" />
Published On: Sun, Dec 9th, 2018

The race to 2023: How it will shape the 2019 election

…as Tinubu, Fashola, others plot for 2023

By OBINNA EZUGWU

For President Muhammadu Buhari and his party, the All Progressives Congress’ (APC) quest to retain power in 2019, little may have to do with his unimpressive first term as the quest for possible succession in 2023 gradually becomes a major deciding factor for the all important February polls.

The point that Buhari has performed far below expectations, and has lost vast amounts of goodwill across religious and ethnic divide cannot be overstated. Indeed, while conceding the fact that the President can beat his main challenger, Alhaji Atiku Abubakar of the People’s Democratic Party (PDP) in the core Northern states where he had maintained political dominance since 2003, the truth for many, remains that should the 2019 polls reflect the general mood of the people, Buhari would catch the next flight to his home town of Daura on May 29, 2019.

However, the evidence of today’s reality is that it won’t. And for all his failures, Buhari is poised to escape the consequences as the question of who takes power in 2023 gradually becomes a major campaign topic in the South West, and to a lesser extent, the South East.

In 2015, one factor that was of critical importance for Buhari en route to victory over the incumbent President Goodluck Jonathan was his victory in the South West geopolitical zone. It was the president’s showing in the zone, and to a lesser degree, his surprising win in the traditional PDP states of the Middle Belt that handed him overall victory.
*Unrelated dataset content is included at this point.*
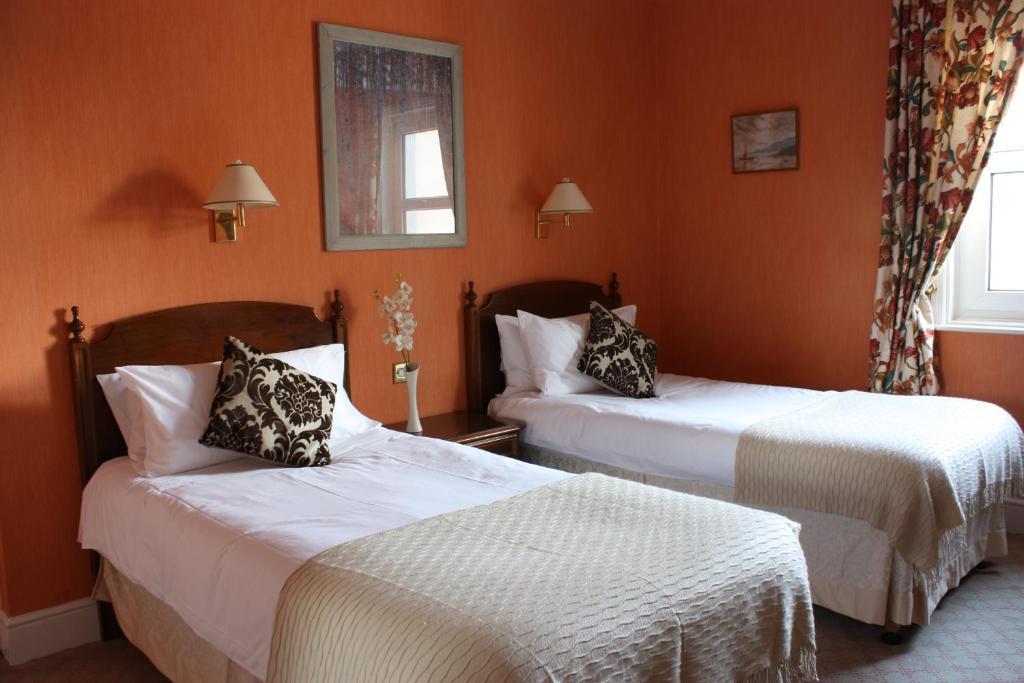 Bed and Breakfast 17 Wilmington Square Истбурн Экстерьер фото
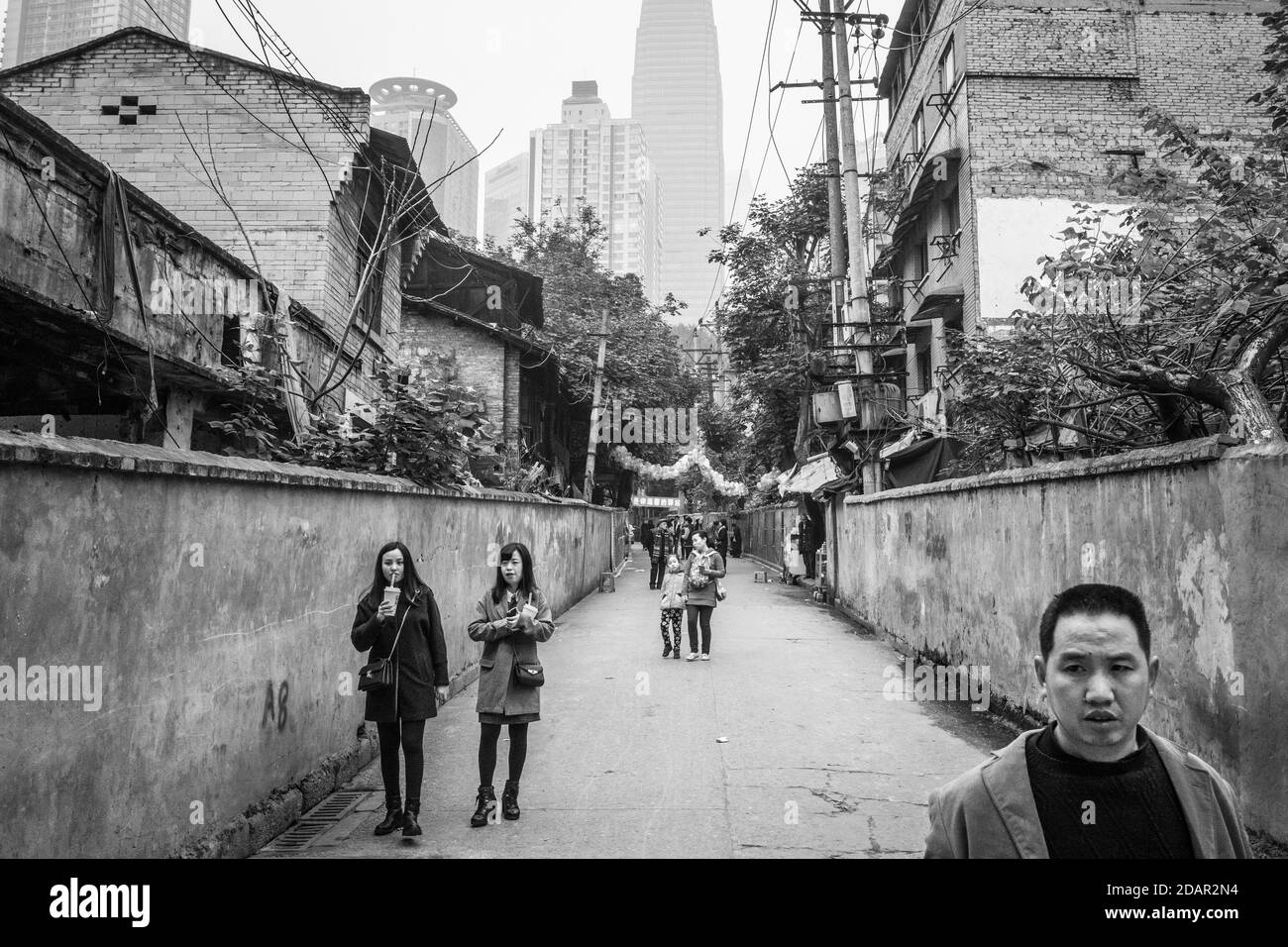 Straßenszene in einem alten Stadtteil, Chongqing, China Stockfoto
For the Middle Belt, it is a given that as far as states like Benue, Plateau and perhaps Kogi are concerned, Buhari will feel the impact of herdsmen carnage at the polls. However, the killing fields of these Middle Belt states remain, in some ways, foreign news in the streets of the South West and will have minimal impact in how people in the zone will vote.

Notwithstanding, disappointment with Buhari in the economy and other areas of national life, including security, is palpable in the zone. And it would be safe to say that should the election be issue based and reasonably free and fair, Buhari will receive a shocker there. But, increasingly, issues are being thrown overboard and the promoters of Buhari are making an aggressive case for power shift to the zone in 2023 as a basis for support.

“Vote for Buhari and get power in 2023,” has become the slogan of the Minister of Power, Works and Housing, Mr. Babatunde Fashola; a sermon he is pushing in his South West constituency. And indeed, it is the same consideration that informs his predecessor, Bola Ahmed Tinubu’s continued support for the president.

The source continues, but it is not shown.